5. Continuous integration - AWS Prescriptive Guidance

5. Continuous integration

The ML system runs tests to validate that the system works from end to end, checking for possible points of failure. Tests are run automatically on commit, and longer tests are run on a fixed schedule. Tests check traditional software engineering areas such as at the unit and system level. In addition, tests capture the particulars of ML by checking data, features, and the model.

5.1 Local code checks

Before committing code into a centralized code repository, developers locally run checks such as basic unit tests and static analysis. Running these checks before committing increases overall code quality and catches problems before they enter version control.

5.2 Static code analysis

The central code repository has static code analysis tools that run on commit, quickly. This tooling should improve code style and formatting. It should also check for common security vulnerabilities within source and infrastructure code, common bugs, and other weaknesses in the code.

5.3 Data quality tests

Data quality tests should, at a bare minimum, check that the data has not violated a fixed schema.

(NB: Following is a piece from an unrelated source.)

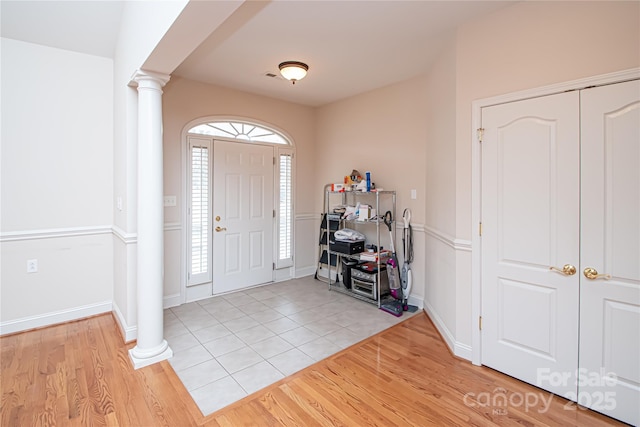 entryway with light wood-type flooring, decorative columns, and baseboards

A more comprehensive approach is to compute data statistics at ingest, set constraints on the data, and run tests against these.

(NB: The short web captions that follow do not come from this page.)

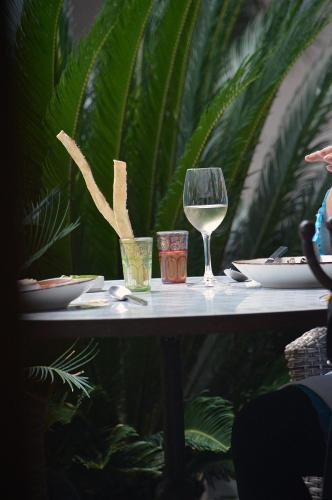 a table with a glass of white wine on it at Hotel Casa Blanca 7 in San Miguel de Allende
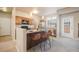 Modern kitchen with island, stainless steel appliances, and ample cabinetry at 16911 Buffalo Valley Path, Monument, CO 80132
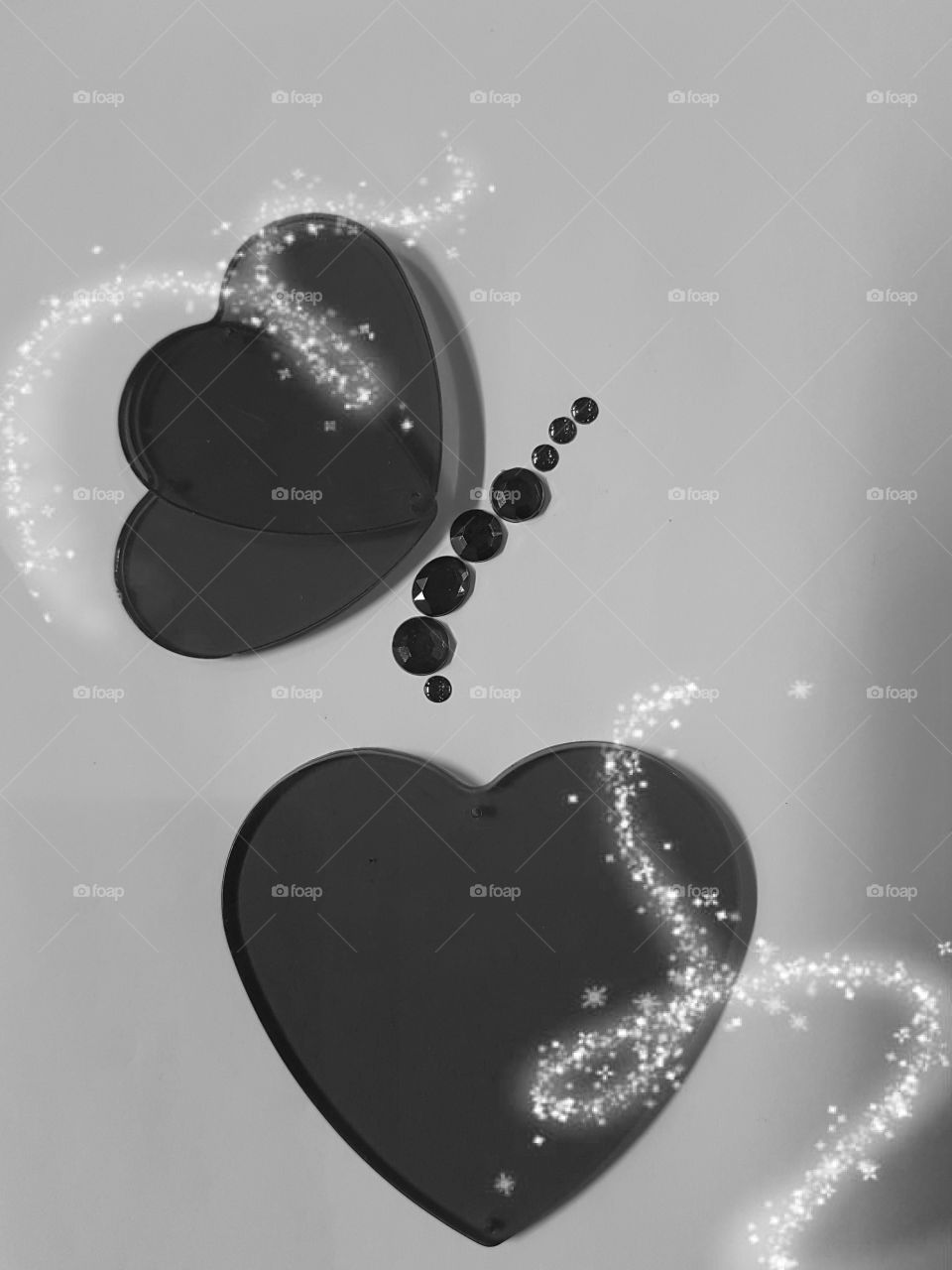 Black and white.  heart and butterfly arrangement with a splash of silver star dust.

It's possible to set up data quality tests independently or as part of the pipeline. The statistics and constraints are reused for monitoring.

5.4 Feature tests

As part of a complete pipeline, feature importance is generated. Feature tests assert that the importance of features, or the model's way of attributing feature values, does not change. Feature tests can feed into monitoring because they can alert and track violations in a model's inputs.

5.5 Unit tests

Unit tests for all code—model, application, and infrastructure—run before commit and on commit. Each unit test provides a check on an important piece of code to confirm that it functions as expected. In the case of ML code, tests can run for algorithmic correctness.

5.6 Integration tests

An integration test verifies that the pipeline runs end to end successfully, including standing up the associated infrastructure for the pipeline. This test validates that the system is working and logging as expected. If deployment is separate, there should be an end-to-end test for this as well to make sure deployment works.

5.7 Smoke tests

The system has smoke tests that run in mini and rapid regression of each piece of functionality. Smoke tests are part of continuous integration, and can run in a containerized environment to mimic cloud functionality.

5.8 Load testing

On-demand load testing is in place. In addition to capturing how the ML system behaves under high and low loads, load tests provide statistics on system-wide throughput or latency. Data gathered through load tests provides information about resource sizes and scaling policies.

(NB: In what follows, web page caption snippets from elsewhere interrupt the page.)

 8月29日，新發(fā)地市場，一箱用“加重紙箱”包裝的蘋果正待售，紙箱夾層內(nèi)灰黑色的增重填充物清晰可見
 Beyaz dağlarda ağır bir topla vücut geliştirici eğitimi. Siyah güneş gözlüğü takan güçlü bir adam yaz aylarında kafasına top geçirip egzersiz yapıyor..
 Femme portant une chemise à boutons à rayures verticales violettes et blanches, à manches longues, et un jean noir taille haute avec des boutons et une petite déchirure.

5.9 Model functional tests

Model outputs and inputs run through automated functional tests. To check a behavior within a capability, both outputs and inputs for the model are tested on real or fake data with basic examples.

5.10 Model inference tests with extreme cases

As part of the minimum functionality testing, model tests should check for extreme behavior given certain inputs before model promotion. This places an additional guardrail to help prevent unexpected behavior.